La République démocratique du Congo a célébré la Journée de l’enfant africain à l’Institut Technique Commercial (ITC) de Maluku, dans l’est de Kinshasa. La cérémonie s’est déroulée le mardi 16 juin en présence de la ministre d’État en charge de l’Éducation nationale et Nouvelle Citoyenneté, Raïssa Malu, de la ministre du Genre, Famille et Enfant, Micheline Ombae Kalama, ainsi que de plusieurs autorités nationales, provinciales et partenaires de développement.
Placée sous le thème continental : « Garantir l’accès universel à l’eau, à l’assainissement et à l’hygiène pour chaque enfant en Afrique », cette commémoration a permis de mettre en lumière les défis qui subsistent en matière de protection de l’enfance tout en réaffirmant les engagements du gouvernement en faveur du bien-être des enfants congolais.
Dans son allocution, la ministre du Genre, Famille et Enfant a souligné que la protection de l’enfance constitue aujourd’hui l’une des priorités du gouvernement congolais.
« Protéger un enfant, c’est protéger la République elle-même », a déclaré Micheline Ombae Kalama, estimant que l’avenir du pays dépend directement de l’investissement accordé aux générations futures.
La ministre a rappelé que cette vision s’inscrit dans les orientations du président de la République, Félix-Antoine Tshisekedi Tshilombo, mises en œuvre sous la coordination de la Première ministre Judith Suminwa Tuluka.
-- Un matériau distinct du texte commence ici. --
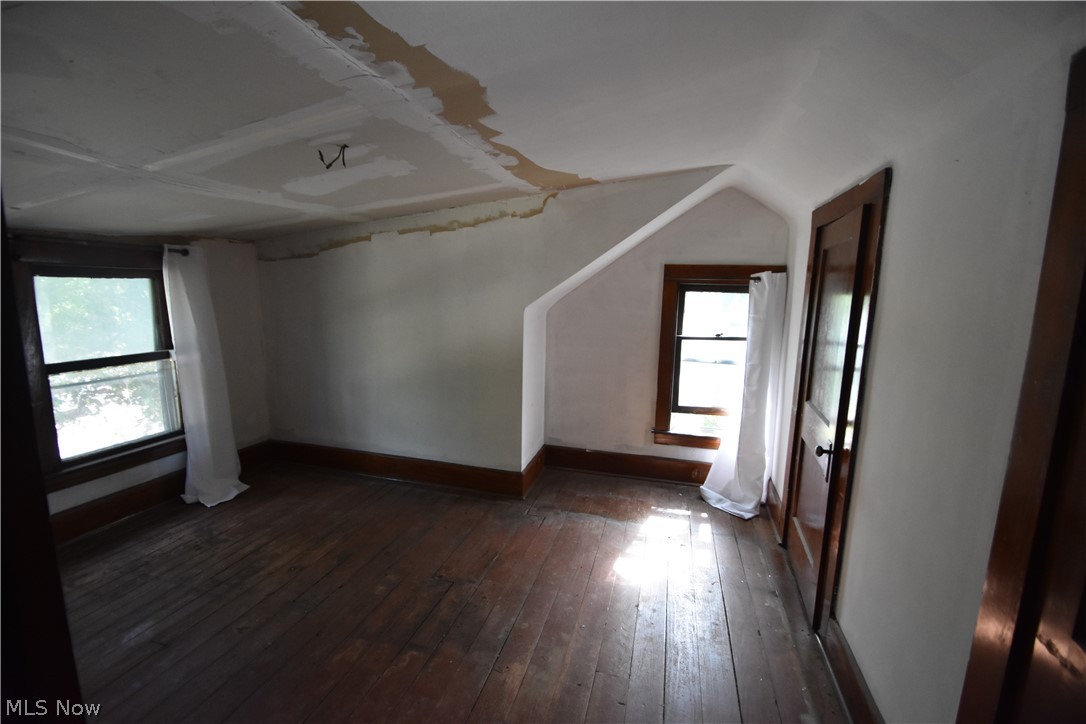 438 Bennington Avenue Youngstown OH 44505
Selon elle, les questions liées à l’accès à l’eau potable, à l’hygiène, à l’assainissement et à la protection sociale occupent désormais une place centrale dans les politiques publiques destinées aux enfants.
Elle a notamment mis en avant les avancées enregistrées ces derniers mois avec la validation de la Politique nationale de l’enfant à la fin de l’année 2025 et le lancement progressif de sa mise en œuvre à travers l’installation des structures de participation des enfants sur l’ensemble du territoire national.
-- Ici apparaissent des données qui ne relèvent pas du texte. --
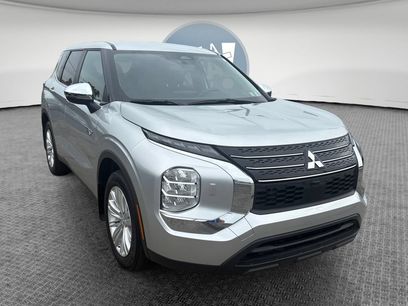 Used 2025 Mitsubishi Outlander ES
Pour Micheline Ombae, cette politique constitue une véritable feuille de route visant à améliorer les conditions de vie des enfants et à garantir un accès équitable aux services essentiels.
« Grâce à un engagement parlementaire ferme et à la nouvelle Politique nationale de l’enfant validée fin 2025, la RDC s’est dotée d’une feuille de route ambitieuse : garantir un accès universel à ces services vitaux d’ici 2035 pour bâtir un avenir d’excellence à chaque enfant congolais », a-t-elle affirmé.

La ministre a également insisté sur l’urgence d’accélérer les efforts en matière d’accès à l’eau potable, à l’assainissement et à l’hygiène. Des défis qui continuent de peser sur la santé, la scolarité et l’épanouissement de millions d’enfants à travers le pays, particulièrement dans les zones rurales et les milieux vulnérables.
Au cours de la cérémonie, les enfants reporters venus de plusieurs provinces ont pris la parole pour exprimer leurs préoccupations. Ils ont plaidé pour un accompagnement accru en faveur des enfants vivant dans les régions affectées par les conflits armés, les zones rurales enclavées et les communautés les plus fragiles.
Leur intervention a rappelé que les droits de l’enfant demeurent un enjeu majeur de développement et nécessitent une mobilisation continue des pouvoirs publics, des partenaires et de la société dans son ensemble.
La célébration s’est clôturée par la remise de kits d’hygiène aux élèves de l’ITC Maluku. Ces kits comprenaient notamment des savons, des détergents, des dispositifs de lavage des mains, des raclettes ainsi que des bandes hygiéniques destinées aux jeunes filles.
Instituée par l’Organisation de l’unité africaine, devenue Union africaine, la Journée de l’enfant africain est célébrée chaque 16 juin en mémoire du soulèvement des élèves de Soweto, en Afrique du Sud, en 1976. Elle demeure un moment privilégié de réflexion sur les droits des enfants africains et sur les actions à mener pour leur garantir un avenir meilleur.
Par cette commémoration, la RDC a réaffirmé sa volonté de faire de la protection de l’enfance, de l’accès aux services de base et du développement du capital humain les piliers d’un avenir plus inclusif et plus prospère.